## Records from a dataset
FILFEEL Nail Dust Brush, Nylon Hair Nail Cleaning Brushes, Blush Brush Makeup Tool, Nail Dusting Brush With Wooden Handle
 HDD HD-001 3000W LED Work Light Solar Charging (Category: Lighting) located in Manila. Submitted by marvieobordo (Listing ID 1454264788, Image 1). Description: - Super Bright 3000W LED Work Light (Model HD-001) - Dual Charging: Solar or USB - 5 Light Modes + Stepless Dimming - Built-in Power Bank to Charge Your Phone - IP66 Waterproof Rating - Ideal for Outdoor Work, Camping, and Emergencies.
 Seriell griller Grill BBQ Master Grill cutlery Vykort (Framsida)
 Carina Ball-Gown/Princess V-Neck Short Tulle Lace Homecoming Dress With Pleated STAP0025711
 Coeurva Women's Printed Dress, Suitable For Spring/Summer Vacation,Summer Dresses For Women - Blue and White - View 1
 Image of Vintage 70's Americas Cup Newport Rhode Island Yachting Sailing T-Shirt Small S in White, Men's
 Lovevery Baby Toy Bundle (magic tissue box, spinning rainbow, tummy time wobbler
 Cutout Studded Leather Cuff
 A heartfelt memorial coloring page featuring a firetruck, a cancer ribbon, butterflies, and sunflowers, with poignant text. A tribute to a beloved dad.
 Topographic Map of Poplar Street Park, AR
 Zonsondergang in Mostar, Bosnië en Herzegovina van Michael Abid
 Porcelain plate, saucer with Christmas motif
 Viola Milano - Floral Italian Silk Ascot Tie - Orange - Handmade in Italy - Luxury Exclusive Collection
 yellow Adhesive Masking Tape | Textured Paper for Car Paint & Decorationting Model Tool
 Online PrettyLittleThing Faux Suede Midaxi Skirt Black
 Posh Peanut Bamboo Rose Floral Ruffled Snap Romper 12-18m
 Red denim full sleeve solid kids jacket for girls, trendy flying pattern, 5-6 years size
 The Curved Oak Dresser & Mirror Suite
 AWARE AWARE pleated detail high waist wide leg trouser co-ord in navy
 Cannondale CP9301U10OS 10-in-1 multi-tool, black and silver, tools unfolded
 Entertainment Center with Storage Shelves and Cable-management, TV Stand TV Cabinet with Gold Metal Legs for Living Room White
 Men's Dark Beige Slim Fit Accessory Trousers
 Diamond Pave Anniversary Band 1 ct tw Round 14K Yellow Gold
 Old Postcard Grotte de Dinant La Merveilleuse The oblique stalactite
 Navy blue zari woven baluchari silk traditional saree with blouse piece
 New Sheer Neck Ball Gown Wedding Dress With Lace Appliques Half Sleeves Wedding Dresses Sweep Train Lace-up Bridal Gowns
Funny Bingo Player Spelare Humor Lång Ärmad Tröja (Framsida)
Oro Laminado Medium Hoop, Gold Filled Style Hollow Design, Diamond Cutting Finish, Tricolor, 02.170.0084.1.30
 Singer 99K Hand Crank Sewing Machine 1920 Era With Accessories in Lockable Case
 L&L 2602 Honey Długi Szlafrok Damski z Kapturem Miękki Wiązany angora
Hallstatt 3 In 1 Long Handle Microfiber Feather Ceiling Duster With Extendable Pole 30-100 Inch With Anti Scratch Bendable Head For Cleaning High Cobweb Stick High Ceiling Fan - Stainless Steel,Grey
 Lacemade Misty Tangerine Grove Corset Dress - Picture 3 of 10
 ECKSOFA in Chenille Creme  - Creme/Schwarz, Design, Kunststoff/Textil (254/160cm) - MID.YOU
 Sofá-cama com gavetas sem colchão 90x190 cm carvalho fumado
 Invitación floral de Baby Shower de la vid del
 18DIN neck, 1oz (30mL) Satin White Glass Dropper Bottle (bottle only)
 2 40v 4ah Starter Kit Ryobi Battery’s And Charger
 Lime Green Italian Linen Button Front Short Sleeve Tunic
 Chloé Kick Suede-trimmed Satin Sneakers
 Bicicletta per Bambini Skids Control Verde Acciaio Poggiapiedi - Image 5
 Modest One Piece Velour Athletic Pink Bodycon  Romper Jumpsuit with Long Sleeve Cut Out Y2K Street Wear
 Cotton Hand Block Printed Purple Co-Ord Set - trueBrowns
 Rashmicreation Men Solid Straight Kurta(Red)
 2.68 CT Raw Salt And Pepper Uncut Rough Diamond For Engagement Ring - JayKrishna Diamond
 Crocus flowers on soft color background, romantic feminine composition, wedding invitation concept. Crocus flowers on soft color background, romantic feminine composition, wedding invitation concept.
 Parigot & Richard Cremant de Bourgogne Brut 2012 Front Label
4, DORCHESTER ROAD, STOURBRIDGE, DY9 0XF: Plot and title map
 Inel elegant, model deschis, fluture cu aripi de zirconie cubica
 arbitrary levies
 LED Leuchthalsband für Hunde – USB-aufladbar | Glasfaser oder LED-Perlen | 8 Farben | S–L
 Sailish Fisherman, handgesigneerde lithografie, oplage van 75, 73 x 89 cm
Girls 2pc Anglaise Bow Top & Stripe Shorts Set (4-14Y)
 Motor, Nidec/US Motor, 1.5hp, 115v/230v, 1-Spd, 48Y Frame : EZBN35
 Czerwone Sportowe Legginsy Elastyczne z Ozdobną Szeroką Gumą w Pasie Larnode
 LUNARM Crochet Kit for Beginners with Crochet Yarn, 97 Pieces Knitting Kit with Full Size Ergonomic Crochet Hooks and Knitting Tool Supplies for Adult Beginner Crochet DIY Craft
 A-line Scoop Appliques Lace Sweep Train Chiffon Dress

## WHAT THIS TASK INVOLVES
For this exercise, repeat exactly the lines of the data above from the one with "Hallstatt 3 In" down to the one with "Lacemade Misty Tangerine", both end lines included.

## RESULT OF THIS TASK
Hallstatt 3 In 1 Long Handle Microfiber Feather Ceiling Duster With Extendable Pole 30-100 Inch With Anti Scratch Bendable Head For Cleaning High Cobweb Stick High Ceiling Fan - Stainless Steel,Grey
 Lacemade Misty Tangerine Grove Corset Dress - Picture 3 of 10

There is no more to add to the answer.